3. *Hi Mountain Seasonings*_* Jerky Cure*_ is also a ready-to-use "Curing Mix". It has salt, sugar and per the label shows 0.85% sodium nitrite.

Question: 
The percent of of sodium nitrite in TQ and HM curing mixes is expressed as a percent of the total amount of the curing mix, in other words the actual percent of sodium nitrite per volume.   * What is the actual percent of sodium nitrite in a curing mix described in 1) above and mixed below?   *

For ease of calculation let's say I've got 1000 grams of jerky meat, and I mix up a Curing Mix use these ratios:  
1% salt = 10 grams
1% sugar = 10 grams
0.25% Cure #1 = 2.5 grams
The total weight of the Curing Mix is 22.5 grams.  How do I arrive at the actual amount of sodium nitrite in this curing mix?


----------



## Fueling Around (Mar 13, 2021)

The amount of nitrite doesn't change in the mix.  (You do add another 2-1/3% of salt using cure #1 based on your ease of calculation. )
You must use the entire mix on your jerky to get the desired nitrite  level.

I don't use Tender Quick and only used a commercial blend once for (ground meat) venison jerky.
I am strict on my salt levels (love your 1%) and limit regular sugars.


----------



## indaswamp (Mar 13, 2021)

So..not enough information in your post to determine what you are looking for.  need the actual percentage of sodium nitrite in the mix and the weight of the mix. And the recommended pounds of meat the seasoning mix will cure......

I went to Hi Mountain website and pulled this from one of the jerky mixes..

*Ingredients:* Salt, spice, garlic powder, mesquite powder and spice extractives with malto-dextrin, and not more than 2% soybean oil (refined to be allergen free) and silicon dioxide to prevent caking. *Cure: *Salt, sugar, sodium nitrite (.85%), caramel color.

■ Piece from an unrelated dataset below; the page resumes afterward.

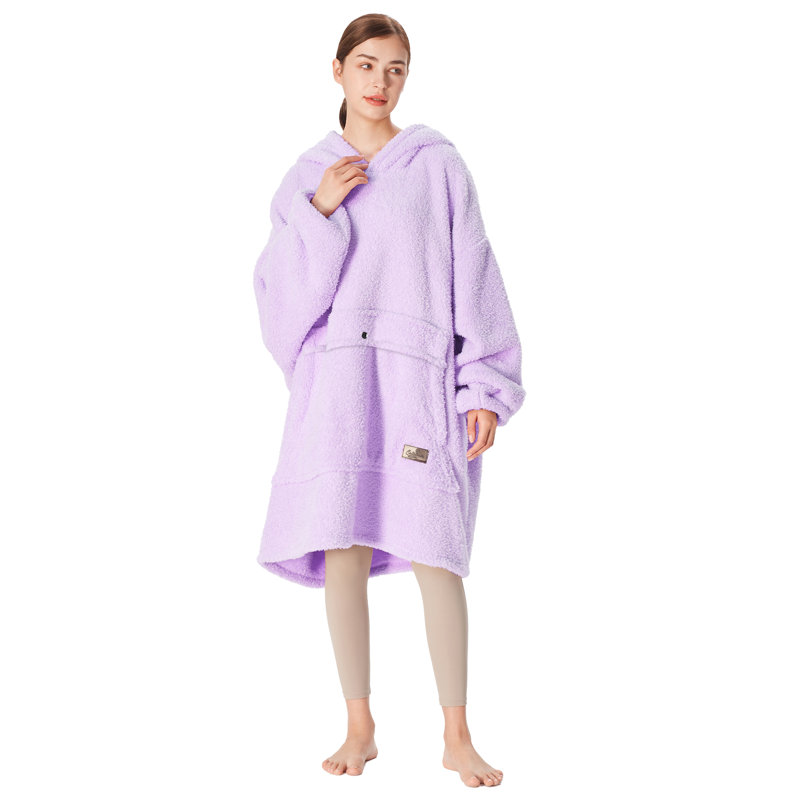 Surdimensionné en sherpa avec couverture molletonnée, couverture à capuche en molleton ultra doux pour femme, Mauve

Is the cure and seasoning separate or is it all mixed together? Either way, will need that info to figure it out. It is not posted on the website. And IMO pictures of both the front and back of the packaging should be posted on the website, but are not.


----------



## chef jimmyj (Mar 13, 2021)

2.5 g Cure #1  X  0 .0625% Nitrite = 0.15625g Nitrite in the Recipe. 
That's if I Was Cipherin' correctly. I did get into Granny's Rheumatis' Tonic earlier...JJ


----------



## daveomak (Mar 14, 2021)

Cure#1 has 6.25% Sodium Nitrite so...
1 gram has 0.0625 grams ....  X 2.5 grams = 0.15625 grams sodium nitrite and it doesn't matter how  much other stuff you add...   The Sodium Nitrite amount is the same..


----------



## chef jimmyj (Mar 14, 2021)

Note the Tiny amount of Nitrite and the reason we use Cure #1 and Not try to weigh and use Pure Nitrite in home production...JJ


----------



## thirdeye (Mar 14, 2021)

indaswamp said:


> *So..not enough information in your post to determine what you are looking for. * need the actual percentage of sodium nitrite in the mix and the weight of the mix. And the recommended pounds of meat the seasoning mix will cure......
> 
> I went to Hi Mountain website and pulled this from one of the jerky mixes..
> 
> ...


I probably didn't explain well enough what I was after.  I used label information from TQ and HM only as an example* because those labels express the percent of sodium nitrite  (not the percent of Cure #1) in their pre mixed products.*  So, going back to the HM product description, I don't need their breakdown because they are telling me that the amount of sodium nitrite is 0.85%.  So if I had a thimble full or a pick-up load.... it would still contain 0.85% sodium nitrite... right?   What I want to know is the* percent of sodium nitrite* in the 22.5 grams of "curing mixture" I listed so I can compare apples to apples if I design my own jerky curing mixture using Cure #1. 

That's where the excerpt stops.